**Task item:**
Produce the lines from the one containing "Réfrigérateur, micro-ondes, four, plaque" through the end of the material exactly as they appear, both ends included, and leave the pictures out.

**Supplied material:**

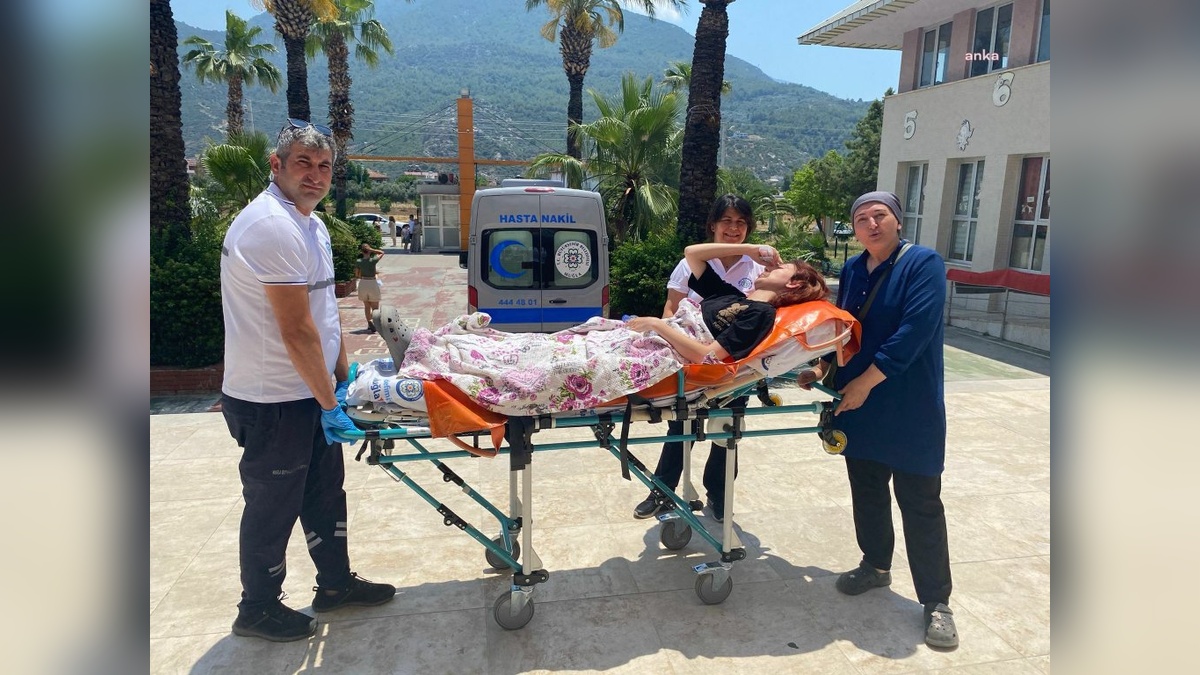 Fethiye'de yatağa bağımlı öğrenci İlayda Yenigün, belediye ambulansıyla üniversite sınavına girdi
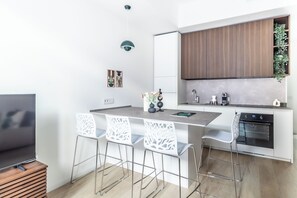 Réfrigérateur, micro-ondes, four, plaque de cuisson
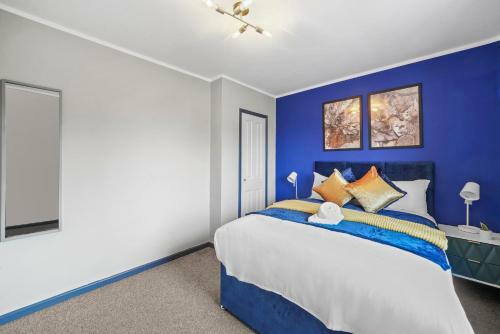 Apartamento Stunning 3 Bedroom House Parking
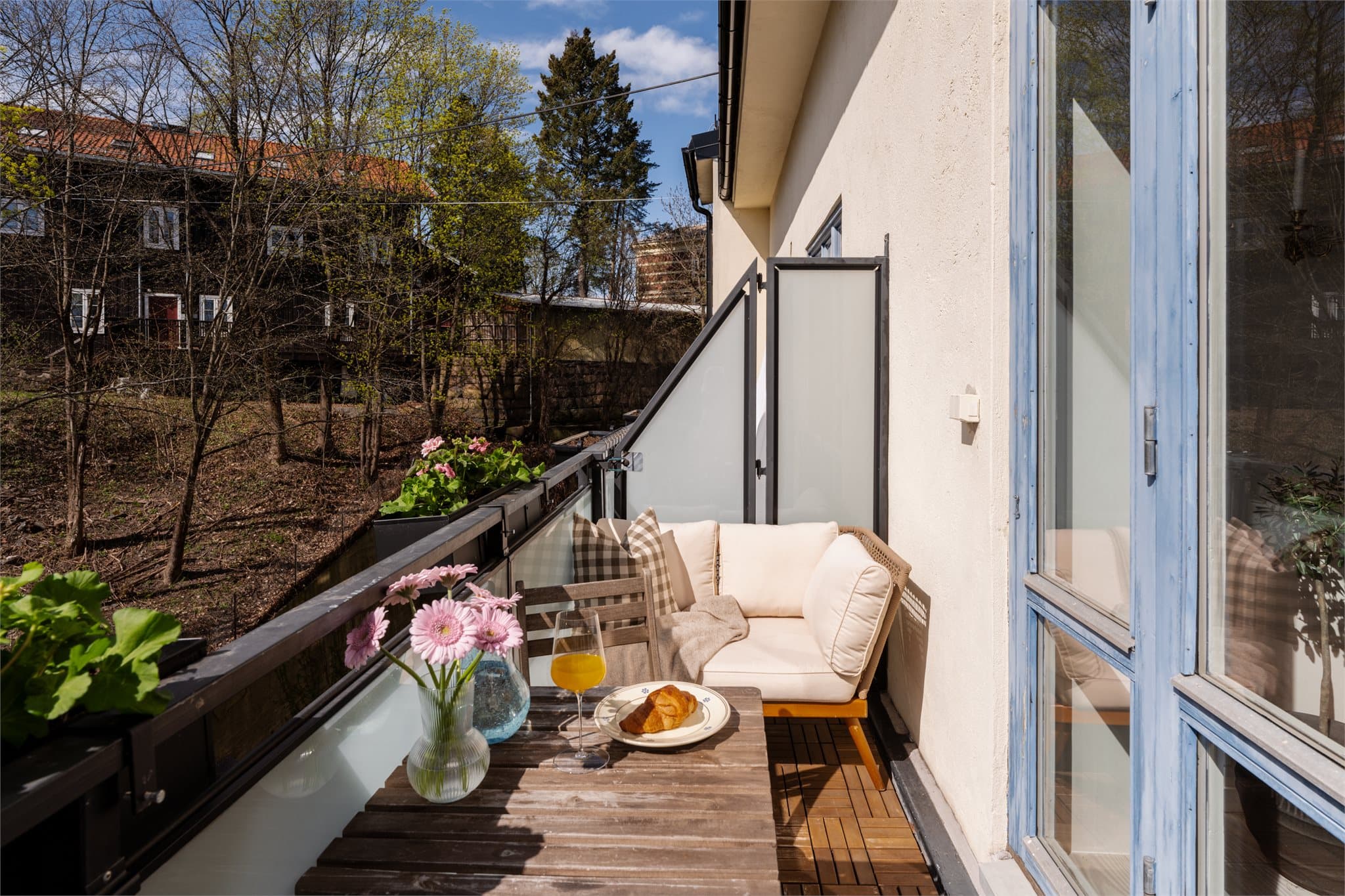 Balkongen er usjenert og har god plass til en hyggelig sittegruppe.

**Your response:**
 Réfrigérateur, micro-ondes, four, plaque de cuisson
 Apartamento Stunning 3 Bedroom House Parking
 Balkongen er usjenert og har god plass til en hyggelig sittegruppe.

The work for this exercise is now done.